El día 22 de este mismo mes de diciembre se van a cumplir veinticinco años de la muerte de Benito Rodríguez Rey, el gran Beni de Cádiz, un genio sin lugar a duda. Y un artista demasiado olvidado, para lo grande que fue y lo felices que nos hizo durante años con su manera de cantar y, claro, también de hacernos reír, algo que no es nada fácil. Lo es mucho más hacer llorar, y eso el Beni lo sabía hacer también, aunque cantando, porque además de tener una voz de las más hermosas que ha dado el cante jondo, voz caracolera, con alma, cuando quería y estaba motivado cantaba que crujía.
Recuerdo que una noche lo tuve que recoger para una entrevista en la radio, en Antena 3 de Sevilla, lo metí en un taxi y le cantó un fandango al taxista de tal manera, con tanto sentimiento, que tuvo que parar el coche porque nos íbamos a estrellar. Claro que luego el Beni estuvo tan grosero con el hombre que lo echó abajo del coche. El de Cádiz tenía esas cosas: lo mismo te partía el alma cantando que te dabas un cabezazo contra una esquina por la gracia que tenía, aunque a veces sus chites e historietas no gustaban y aquella noche se encontró con un taxista poco amigo de las bromas.
Beni era de Cádiz, pero eligió Sevilla para vivir y era también muy sevillano. Esa mezcla era explosiva. Antes que él la tuvieron algunos de los Ortega de Cádiz, como fueron el abuelo y el padre de Caracol, José el Águila y Manuel el del Bulto. Pero el Beni llevó esa mezcla mágica hasta las últimas consecuencias y escribió toda una historia en Sevilla, una ciudad que casi lo ha olvidado como se olvidó también de aquellos Ortegas que llegaron en el XIX para hacer más grande el arte de Sevilla: Enrique, Gabriela, Manuel, Francisco y José Ortega Feria, los hijos del mítico matarife y cantaor Enrique Ortega Díaz.
Beni de Cádiz era artista, además de un gran cantaor. Y ser artista no es fácil, es un don, algo que te pega tu madre a la piel cuando te pare. Era sobre todo cantaor de teatro, porque en los festivales se desmadraba a veces y la liaba, como la lió en Puente Genil una noche animando al público a meterse con el agente artístico Antonio Pulpón o en el Hotel Triana, en Sevilla, cayéndose en un charco antes de salir al escenario.
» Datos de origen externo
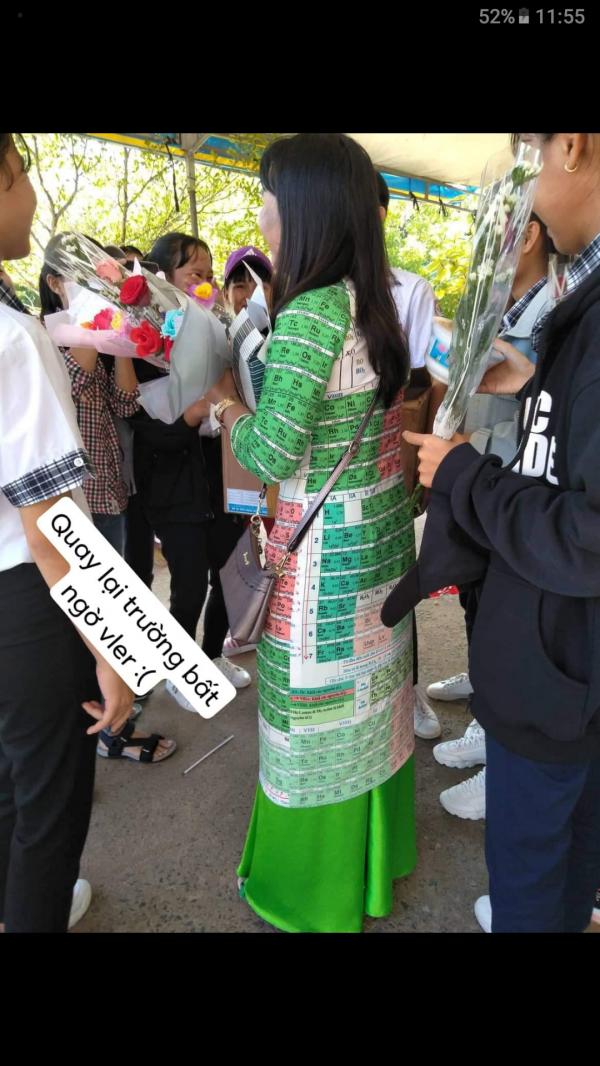 Cô giáo chủ nhiệm nổi tiếng nhất 20/11 năm nay khi in hết tên cả lớp lên áo dài Cô giáo chủ nhiệm nổi tiếng nhất 20/11 năm nay khi in hết tên cả lớp lên áo dài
Era imprevisible, capaz de lo más grande y de lo más genial. Tenía, sin duda, la irregularidad de los genios y ese punto excéntrico que lo hacía único.
A mediados de los ochenta le organizamos al cantaor Antonio el Sevillano un homenaje en Tomares y él era uno de los artistas participantes. El Sevillano estaba presente, pero muy mal de salud y con apenas fuerza para sostenerse en pie. Bien, pues el Beni consiguió que subiera al escenario y que cantara un fandango, el último de su vida en público, porque no tardó en morir. No contento con lograr que Antonio subiera al escenario y cantara ese fandango, sin voz, se pegó una pataíta por bulerías que puso al público en pie.
Artistas como Beni de Cádiz nacen uno o dos cada siglo. Lo escuché decenas de veces en los escenarios y en privado y era sorprendente cómo era capaz de en un momento de inspiración acabar con todos en cualquier palo: por alegrías, tangos, bulerías o incluso seguiriyas o soleares. Y todo lo hacía con una enorme personalidad, aunque fuera caracolero. Pero al margen de que fuera seguidor de don Manuel Ortega Juárez, tenía metido en el alma todo el arte de Cádiz y conocía esa escuela como pocos de su generación. Y los cantes de Triana, porque era muy trianero y sabía de ese barrio tan flamenco lo que no había en los escritos.
Ir por el Arenal y el Postigo de Sevilla y no verlo andar camino de El Colmaíto, su tabanco, es imposible. Andaba con una elegancia única, derecho como una tabla y con la cabeza ligeramente inclinada hacia arriba, como mirando el cielo de Sevilla, como andaba Juan Belmonte. Se fue hace veinticinco años y aún vive, ya que los genios no se van jamás. Aunque Sevilla casi lo haya olvidado. Y es una pena, porque el maestro gaditano la adoraba.